Writing an obituary is an important part of funeral planning!

It's a rather simple process, especially if you're comfortable with the written word. If not, it can be rather challenging - and there are newspaper staff writers who can help you with writing an obituary or death notice if you're just not interested in doing it. Funeral home staff should also adept at creating simple death notices.

If you choose to be a part of the process, originality and creativity are options...if you're so inclined. It's becoming quite popular to make obituaries into creative pieces of public memorial.

What's the difference between a 'death notice' and an 'obituary'?

Now that newspapers often charge by the word for publication, many people are compromised into publishing only a death notice, a shortened version of a full-length 'obit'. Such a notice would include the important information: date of death, age, family members (both living and deceased), as well as the arrangements made for services: the where and when. In other words, everything a person would need to know to attend the memorial or funeral.

An obituary is a more complete life story - with at least those details you'd want published in a newspaper! Creative obituaries are often written in the form of verse, or attempt to create a story. They can include a variety of details that describe the personality of the deceased, and can also express the impact that person had on those around them.


Writing an Obituary Prior to Death

An obituary can be taken care of in advance, especially if someone is terminally ill. Many people like to have a say in their own obituary or may want to write their own as a way of working through their own funeral planning. Having an obituary written before the time of the funeral can remove some of the stress associated with the passing of a loved one.
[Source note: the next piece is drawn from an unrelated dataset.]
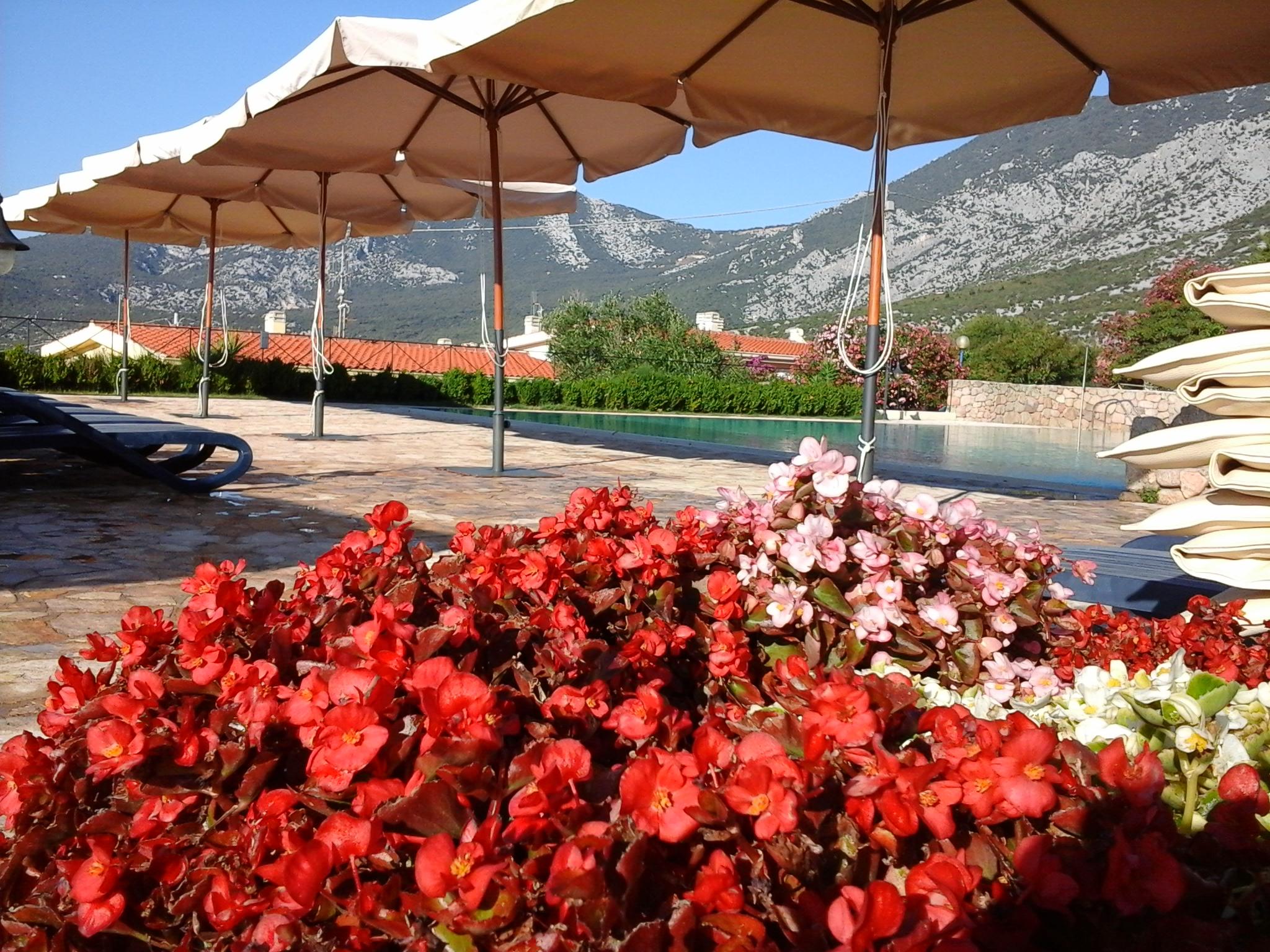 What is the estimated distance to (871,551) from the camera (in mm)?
1598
When writing an obituary, it's a good idea to think of it as a writing process. Come up with a theme or a basic idea, write a first draft, take time to reflect on it and then go back and make revisions.

Writing a good obituary can even be a therapeutic part of grieving, allowing you time to express the feelings about the deceased that you really feel others should be aware of. You'll experience an assortment of emotions throughout the process, and ideally they should be reflected in the final product.

As an aside, I recently enjoyed time with one of my hospice clients, writing down her life stories for her. Granted, we only had time to develop four experiences into short stories - and that's not the point. The time we spent in her reflection on the joys, struggle, and losses sprinkled through her long (93 years!) life gave her a series of "touchstones", honoring her experience and accrued wisdom.

The stories we wrote gave her family material to write her lengthy obituary after her passing. So, I feel my work was fruitful - and keenly know that I took part in a wonderful end-of-life experience.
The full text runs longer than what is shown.